Look for "thumbnail image of" in the entries below. Write out that line and all later lines exactly, ending with the final one.

+++ SUPPLIED RECORDS +++

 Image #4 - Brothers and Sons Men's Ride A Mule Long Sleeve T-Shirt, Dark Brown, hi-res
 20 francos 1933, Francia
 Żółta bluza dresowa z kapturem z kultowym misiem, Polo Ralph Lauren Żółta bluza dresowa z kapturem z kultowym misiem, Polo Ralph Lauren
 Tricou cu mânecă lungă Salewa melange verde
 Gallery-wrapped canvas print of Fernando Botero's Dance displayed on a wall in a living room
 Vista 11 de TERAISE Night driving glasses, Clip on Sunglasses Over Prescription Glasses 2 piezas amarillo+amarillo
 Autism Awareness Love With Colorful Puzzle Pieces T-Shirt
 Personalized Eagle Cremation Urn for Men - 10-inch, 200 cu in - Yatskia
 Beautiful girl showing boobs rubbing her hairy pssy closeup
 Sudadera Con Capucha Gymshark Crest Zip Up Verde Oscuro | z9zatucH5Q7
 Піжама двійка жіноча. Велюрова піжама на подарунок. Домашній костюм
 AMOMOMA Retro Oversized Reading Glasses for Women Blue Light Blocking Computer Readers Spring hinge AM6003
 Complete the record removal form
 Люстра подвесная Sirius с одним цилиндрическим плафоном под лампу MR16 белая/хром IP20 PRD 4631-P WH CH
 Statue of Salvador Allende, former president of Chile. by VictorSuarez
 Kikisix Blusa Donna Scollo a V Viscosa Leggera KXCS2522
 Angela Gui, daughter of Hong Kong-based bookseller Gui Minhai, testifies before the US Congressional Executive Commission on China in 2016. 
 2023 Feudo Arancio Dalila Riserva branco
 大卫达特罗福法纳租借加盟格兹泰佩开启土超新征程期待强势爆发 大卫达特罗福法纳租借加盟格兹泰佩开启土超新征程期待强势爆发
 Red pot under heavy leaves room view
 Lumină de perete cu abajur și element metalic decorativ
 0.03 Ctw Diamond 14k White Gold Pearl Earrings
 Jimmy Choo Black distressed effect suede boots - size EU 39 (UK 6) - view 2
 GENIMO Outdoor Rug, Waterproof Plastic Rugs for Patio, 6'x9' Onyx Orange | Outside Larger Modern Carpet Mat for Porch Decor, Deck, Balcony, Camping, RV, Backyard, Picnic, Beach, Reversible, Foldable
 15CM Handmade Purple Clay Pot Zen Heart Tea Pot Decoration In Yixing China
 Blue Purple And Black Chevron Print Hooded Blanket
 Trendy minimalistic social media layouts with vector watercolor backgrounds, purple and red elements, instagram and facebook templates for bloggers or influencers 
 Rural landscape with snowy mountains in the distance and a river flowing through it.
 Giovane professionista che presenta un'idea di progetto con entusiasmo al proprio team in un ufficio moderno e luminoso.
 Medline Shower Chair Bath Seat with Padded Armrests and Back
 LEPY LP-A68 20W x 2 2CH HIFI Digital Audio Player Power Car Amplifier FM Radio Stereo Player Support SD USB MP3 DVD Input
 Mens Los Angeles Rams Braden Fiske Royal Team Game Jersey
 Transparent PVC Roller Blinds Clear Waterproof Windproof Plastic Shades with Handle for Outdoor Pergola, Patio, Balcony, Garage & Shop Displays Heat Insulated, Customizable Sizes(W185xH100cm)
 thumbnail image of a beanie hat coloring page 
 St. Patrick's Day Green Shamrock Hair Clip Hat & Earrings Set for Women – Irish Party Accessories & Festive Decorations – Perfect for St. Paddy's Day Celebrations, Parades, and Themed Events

+++

## EXERCISE SOLUTION
 thumbnail image of a beanie hat coloring page 
 St. Patrick's Day Green Shamrock Hair Clip Hat & Earrings Set for Women – Irish Party Accessories & Festive Decorations – Perfect for St. Paddy's Day Celebrations, Parades, and Themed Events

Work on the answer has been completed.